Sunday, March 15, 2015

                                                            Fourth Sunday of Lent, Year B
                                                   2 Chr 36:14-16, 19-23: Eph 2:4-10:  Jn 3:14-21
                                                                Walk in the Light of God
The presentation of a Lighted candle is an essential part of the baptismal rite and other liturgical ceremonies in the Church. This ceremony of the light is an invitation to the newly baptized alongside their parents and godparents to walk in the light of God all the days of their life. The lyrics of a common song which I usually chant as I invite parents and God parents to light their candles is: “The spirit lives to set us free, walk in the light, he died on the cross on Calvary, walk in the light; to save the lost like you and me, walk in the light…and walk in the light of God.

In the first chapter of his first letter, John presents God as light, and in Him there is no darkness (1Jn 1:5-10). Walking in the light is the opposite of walking in darkness. It means seeing reality for what it is and being controlled by desires that accord with God’s light. If God is light and in him there is no darkness at all, then he is the bright pathway to the fulfillment of all our deepest longings and desires. He is the deliverer from all dark dangers and obstacles to joy.

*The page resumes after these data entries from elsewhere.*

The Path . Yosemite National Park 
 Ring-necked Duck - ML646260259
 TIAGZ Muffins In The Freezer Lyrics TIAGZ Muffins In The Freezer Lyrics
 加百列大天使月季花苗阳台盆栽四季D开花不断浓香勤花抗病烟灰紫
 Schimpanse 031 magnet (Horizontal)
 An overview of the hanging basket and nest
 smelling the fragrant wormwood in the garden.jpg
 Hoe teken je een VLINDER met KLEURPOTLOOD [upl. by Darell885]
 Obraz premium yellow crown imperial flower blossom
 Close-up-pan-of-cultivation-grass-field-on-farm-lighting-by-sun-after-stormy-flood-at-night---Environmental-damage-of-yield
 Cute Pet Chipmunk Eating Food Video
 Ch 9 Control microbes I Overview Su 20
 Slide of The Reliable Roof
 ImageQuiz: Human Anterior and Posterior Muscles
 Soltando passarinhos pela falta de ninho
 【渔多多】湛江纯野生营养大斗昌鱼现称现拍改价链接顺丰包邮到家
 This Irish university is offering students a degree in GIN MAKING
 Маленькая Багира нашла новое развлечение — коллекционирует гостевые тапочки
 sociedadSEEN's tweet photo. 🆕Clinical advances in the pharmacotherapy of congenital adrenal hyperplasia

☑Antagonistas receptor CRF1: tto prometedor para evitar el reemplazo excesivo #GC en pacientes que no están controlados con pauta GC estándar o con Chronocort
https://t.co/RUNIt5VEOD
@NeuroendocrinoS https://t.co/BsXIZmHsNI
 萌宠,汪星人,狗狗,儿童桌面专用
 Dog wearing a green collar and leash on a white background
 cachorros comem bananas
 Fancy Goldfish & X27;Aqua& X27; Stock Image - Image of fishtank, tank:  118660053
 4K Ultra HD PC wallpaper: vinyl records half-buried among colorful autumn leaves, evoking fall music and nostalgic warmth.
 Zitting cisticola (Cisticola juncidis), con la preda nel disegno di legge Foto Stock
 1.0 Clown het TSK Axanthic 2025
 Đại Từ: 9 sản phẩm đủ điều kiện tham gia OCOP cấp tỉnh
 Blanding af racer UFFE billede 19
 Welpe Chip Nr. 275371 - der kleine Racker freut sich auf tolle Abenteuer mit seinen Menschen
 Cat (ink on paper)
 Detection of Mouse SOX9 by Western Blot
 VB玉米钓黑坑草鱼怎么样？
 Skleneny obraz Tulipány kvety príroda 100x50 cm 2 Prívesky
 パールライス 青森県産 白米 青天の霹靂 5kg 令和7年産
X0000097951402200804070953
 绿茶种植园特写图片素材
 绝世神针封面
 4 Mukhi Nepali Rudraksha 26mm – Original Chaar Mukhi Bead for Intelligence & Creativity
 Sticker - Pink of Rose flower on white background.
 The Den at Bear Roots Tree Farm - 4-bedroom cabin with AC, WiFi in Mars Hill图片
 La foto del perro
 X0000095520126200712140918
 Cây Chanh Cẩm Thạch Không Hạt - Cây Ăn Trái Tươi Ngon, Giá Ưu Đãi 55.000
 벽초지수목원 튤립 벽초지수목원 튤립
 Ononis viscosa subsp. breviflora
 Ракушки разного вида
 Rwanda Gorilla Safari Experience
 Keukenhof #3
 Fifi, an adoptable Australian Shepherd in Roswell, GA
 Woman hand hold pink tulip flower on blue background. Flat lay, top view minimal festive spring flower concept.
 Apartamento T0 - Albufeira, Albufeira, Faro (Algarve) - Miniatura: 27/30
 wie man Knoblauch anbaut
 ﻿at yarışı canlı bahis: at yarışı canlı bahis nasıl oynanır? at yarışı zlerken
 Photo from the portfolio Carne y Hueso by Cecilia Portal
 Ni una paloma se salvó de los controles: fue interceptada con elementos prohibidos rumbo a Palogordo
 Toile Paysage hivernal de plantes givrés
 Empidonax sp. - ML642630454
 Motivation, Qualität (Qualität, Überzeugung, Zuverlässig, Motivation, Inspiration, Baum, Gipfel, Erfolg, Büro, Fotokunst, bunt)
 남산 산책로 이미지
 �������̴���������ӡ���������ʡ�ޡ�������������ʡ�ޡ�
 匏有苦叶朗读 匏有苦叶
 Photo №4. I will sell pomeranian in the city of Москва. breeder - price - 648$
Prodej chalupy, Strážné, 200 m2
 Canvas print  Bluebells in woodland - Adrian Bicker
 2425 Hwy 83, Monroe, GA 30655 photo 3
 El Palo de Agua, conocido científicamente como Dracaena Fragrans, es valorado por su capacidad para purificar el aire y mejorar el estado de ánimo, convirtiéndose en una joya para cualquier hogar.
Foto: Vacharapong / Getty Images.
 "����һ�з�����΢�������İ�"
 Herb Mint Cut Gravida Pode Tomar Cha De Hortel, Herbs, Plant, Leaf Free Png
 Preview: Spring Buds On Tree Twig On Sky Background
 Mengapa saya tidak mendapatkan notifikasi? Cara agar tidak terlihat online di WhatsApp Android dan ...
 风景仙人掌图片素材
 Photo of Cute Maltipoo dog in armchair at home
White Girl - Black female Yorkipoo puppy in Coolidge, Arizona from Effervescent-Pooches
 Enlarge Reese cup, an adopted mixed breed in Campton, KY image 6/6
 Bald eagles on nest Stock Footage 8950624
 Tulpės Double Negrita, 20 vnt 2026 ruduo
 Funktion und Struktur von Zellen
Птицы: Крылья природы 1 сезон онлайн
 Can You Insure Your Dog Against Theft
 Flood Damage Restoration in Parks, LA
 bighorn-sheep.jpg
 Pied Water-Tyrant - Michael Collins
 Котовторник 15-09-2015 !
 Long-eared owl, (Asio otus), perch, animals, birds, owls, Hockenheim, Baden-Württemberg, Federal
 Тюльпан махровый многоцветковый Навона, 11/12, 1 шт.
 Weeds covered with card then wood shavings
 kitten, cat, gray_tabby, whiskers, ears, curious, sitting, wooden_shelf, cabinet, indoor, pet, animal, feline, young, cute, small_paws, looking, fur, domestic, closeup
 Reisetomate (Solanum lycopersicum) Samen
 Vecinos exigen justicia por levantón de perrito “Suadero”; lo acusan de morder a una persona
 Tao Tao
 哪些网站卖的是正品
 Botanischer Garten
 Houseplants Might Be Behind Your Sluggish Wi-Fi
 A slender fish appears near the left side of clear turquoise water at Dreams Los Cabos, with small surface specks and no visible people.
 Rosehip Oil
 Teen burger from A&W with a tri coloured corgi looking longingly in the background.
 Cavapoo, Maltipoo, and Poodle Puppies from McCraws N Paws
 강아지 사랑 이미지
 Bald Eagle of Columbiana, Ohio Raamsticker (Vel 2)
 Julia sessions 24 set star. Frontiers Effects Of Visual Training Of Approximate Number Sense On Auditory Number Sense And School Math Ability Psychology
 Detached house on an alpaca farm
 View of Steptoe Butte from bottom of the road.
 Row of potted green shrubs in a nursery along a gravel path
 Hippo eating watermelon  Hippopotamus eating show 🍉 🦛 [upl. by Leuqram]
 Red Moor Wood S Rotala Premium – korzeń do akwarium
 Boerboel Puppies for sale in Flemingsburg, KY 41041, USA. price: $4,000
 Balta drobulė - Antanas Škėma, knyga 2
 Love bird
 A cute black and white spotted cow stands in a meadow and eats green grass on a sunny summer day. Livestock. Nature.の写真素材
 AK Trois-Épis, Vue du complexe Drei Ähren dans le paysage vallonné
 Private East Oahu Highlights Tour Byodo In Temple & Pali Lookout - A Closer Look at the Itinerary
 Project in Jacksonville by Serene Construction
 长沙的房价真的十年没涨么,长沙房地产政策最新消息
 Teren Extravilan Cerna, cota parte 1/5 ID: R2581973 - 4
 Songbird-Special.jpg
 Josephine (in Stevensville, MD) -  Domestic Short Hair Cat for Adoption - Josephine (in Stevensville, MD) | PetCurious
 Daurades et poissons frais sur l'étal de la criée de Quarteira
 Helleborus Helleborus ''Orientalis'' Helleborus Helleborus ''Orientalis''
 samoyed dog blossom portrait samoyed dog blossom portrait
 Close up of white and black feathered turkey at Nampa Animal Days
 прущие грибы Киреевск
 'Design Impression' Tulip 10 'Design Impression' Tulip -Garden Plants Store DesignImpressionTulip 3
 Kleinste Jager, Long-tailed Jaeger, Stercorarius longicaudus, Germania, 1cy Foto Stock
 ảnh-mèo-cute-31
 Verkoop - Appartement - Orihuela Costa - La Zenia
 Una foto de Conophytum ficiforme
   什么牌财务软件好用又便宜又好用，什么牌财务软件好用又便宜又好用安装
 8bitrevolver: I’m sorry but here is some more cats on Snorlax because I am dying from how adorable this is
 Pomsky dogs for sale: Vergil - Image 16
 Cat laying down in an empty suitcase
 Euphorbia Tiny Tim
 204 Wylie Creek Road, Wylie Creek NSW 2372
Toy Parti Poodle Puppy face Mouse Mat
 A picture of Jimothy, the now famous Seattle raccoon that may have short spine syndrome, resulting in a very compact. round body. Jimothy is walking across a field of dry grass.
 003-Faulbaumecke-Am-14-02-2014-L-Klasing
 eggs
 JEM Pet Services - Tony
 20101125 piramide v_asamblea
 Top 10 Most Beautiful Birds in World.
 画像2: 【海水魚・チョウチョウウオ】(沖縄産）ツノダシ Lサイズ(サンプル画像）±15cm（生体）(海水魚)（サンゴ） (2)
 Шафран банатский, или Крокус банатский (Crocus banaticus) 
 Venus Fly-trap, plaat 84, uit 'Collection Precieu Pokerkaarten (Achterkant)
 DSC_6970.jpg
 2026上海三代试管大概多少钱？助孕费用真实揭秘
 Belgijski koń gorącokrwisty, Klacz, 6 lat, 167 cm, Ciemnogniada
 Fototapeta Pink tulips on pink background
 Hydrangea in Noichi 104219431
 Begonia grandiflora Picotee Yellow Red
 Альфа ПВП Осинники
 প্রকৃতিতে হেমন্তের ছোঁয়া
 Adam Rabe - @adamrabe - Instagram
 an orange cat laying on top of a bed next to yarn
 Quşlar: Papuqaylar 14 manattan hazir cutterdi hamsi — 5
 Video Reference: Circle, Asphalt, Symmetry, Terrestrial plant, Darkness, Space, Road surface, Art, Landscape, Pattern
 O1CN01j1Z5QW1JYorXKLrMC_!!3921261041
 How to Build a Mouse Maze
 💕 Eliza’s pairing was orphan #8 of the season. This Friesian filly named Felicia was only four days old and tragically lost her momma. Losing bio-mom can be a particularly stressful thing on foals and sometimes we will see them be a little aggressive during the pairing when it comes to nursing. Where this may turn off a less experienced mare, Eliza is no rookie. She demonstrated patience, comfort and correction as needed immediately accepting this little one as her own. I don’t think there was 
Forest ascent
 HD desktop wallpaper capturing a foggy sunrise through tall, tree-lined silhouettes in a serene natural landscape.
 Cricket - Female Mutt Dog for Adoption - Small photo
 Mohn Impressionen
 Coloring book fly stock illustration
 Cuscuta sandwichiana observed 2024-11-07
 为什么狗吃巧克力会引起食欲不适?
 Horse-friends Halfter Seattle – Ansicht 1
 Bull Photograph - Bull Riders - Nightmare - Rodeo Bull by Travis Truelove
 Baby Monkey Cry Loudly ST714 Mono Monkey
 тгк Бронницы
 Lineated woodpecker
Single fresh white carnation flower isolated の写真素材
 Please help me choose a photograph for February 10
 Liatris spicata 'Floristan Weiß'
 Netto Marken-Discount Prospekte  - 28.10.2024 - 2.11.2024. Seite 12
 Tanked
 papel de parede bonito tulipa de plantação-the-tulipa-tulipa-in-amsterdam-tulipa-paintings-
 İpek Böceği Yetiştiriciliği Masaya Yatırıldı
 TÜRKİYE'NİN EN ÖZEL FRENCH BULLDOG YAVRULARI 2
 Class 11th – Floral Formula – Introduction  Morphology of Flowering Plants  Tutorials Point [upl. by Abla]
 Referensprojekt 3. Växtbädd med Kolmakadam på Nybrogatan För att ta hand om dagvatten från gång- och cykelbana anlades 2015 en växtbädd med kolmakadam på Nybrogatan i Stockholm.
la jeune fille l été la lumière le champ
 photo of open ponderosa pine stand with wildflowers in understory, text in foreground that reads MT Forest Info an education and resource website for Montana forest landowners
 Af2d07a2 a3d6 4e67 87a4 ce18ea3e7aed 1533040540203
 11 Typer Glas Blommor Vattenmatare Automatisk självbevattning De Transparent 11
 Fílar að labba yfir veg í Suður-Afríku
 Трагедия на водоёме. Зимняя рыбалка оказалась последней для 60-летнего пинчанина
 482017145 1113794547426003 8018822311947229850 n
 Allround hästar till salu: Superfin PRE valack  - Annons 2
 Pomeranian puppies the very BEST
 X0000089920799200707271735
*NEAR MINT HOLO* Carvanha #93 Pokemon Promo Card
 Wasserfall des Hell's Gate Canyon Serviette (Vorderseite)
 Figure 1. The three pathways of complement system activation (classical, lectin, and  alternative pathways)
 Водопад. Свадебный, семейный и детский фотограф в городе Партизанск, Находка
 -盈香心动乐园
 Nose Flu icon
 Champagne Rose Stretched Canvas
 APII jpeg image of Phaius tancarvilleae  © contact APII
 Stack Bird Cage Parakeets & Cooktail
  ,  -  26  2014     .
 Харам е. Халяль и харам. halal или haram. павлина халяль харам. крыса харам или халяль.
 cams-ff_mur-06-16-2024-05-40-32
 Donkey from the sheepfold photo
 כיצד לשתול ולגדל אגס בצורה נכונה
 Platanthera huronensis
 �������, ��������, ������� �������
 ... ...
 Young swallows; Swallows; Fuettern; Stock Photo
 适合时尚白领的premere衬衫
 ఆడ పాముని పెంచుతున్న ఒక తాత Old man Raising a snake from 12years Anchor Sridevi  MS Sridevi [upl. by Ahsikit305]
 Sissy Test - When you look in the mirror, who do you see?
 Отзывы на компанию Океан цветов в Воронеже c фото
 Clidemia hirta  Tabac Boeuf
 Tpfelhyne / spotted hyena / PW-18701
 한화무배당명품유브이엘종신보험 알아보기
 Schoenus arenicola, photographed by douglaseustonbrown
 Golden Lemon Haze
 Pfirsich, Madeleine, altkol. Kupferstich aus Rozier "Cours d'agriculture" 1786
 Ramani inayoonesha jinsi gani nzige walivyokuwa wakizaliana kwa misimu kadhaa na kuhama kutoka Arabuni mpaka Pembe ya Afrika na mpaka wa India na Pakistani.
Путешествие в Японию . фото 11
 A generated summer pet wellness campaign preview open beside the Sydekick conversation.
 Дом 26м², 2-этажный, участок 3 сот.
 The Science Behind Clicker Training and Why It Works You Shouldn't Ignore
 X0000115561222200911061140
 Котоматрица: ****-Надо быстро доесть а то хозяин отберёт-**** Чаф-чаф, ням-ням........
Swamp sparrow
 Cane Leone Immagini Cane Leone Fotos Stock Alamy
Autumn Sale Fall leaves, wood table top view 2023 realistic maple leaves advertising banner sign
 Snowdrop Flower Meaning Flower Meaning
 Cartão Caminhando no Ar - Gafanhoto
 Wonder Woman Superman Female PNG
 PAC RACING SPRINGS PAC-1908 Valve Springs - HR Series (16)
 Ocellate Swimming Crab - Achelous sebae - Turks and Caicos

By calling all his disciples friends and showing us the way to the Father, Jesus means that we should walk in the light of God by a way of life that is free from all works of darkness.  “I am the light of the world, anyone who follows me will not be walking in darkness, but he will have the light of life”(Jn 8:12).

Despite this invitation to walk in the light of God, many still prefer darkness to light. No doubt, Christ speaks clearly in the gospel that he didn’t come to condemn the world but to save us, yet he insists:  “And this is the verdict,  that the light came into the world, but people preferred darkness to light, because their works were evil. For everyone who does wicked things hates the light and does not come toward the light, so that his works might not be exposed. But whoever lives the truth comes to the light, so that his works may be clearly seen as done in God.”

If we say we have fellowship with God, yet we walk in darkness, we lie and do not live according to the truth. We are living in darkness when we hate one another or some people in our communities and in our families. He who hates his brother or sister is in the darkness and he who loves his brother or sister abides in the light (1Jn 2:8-11). Walking in the light means being a loving person and walking in the darkness means being a person of hate.

As we have it in the first reading, the princes, priests and people of Judah added infidelity on infidelity. Similarly, such acts of infidelity are perpetuated in our day and age: lie-telling, unfaithfulness, cheating are all works of darkness. Darkness has more to do with evil and crime than with the hour of the day. How often do we feel happy when we emerge from vicious activities without being caught, yet we fail to realize that no one can play hide and seek with God; for the eyes of the Lord are ten thousand times brighter than the sun as we have it in Sirach 23:18-19: “the man who dishonors his marriage bed says to himself, who can see me? Darkness surrounds me, walls hide me…he doesn’t realize that the eyes of the Lord, ten thousand times brighter than the sun, observe every step taken and see into hidden corners. We can escape the clutches of security cameras and human eyes but we can’t escape the notice of God.

As we continue our Lenten journey and our sojourn here below in general, let us walk in the light of God. This light gives true freedom, hope and joy. Life for us will always be happier and peaceful if we live without skeletons in our cupboards. Let us keep in mind that “For there is nothing hidden that will not be disclosed, and nothing concealed that will not be known or brought out into the open” (Lk 8:17).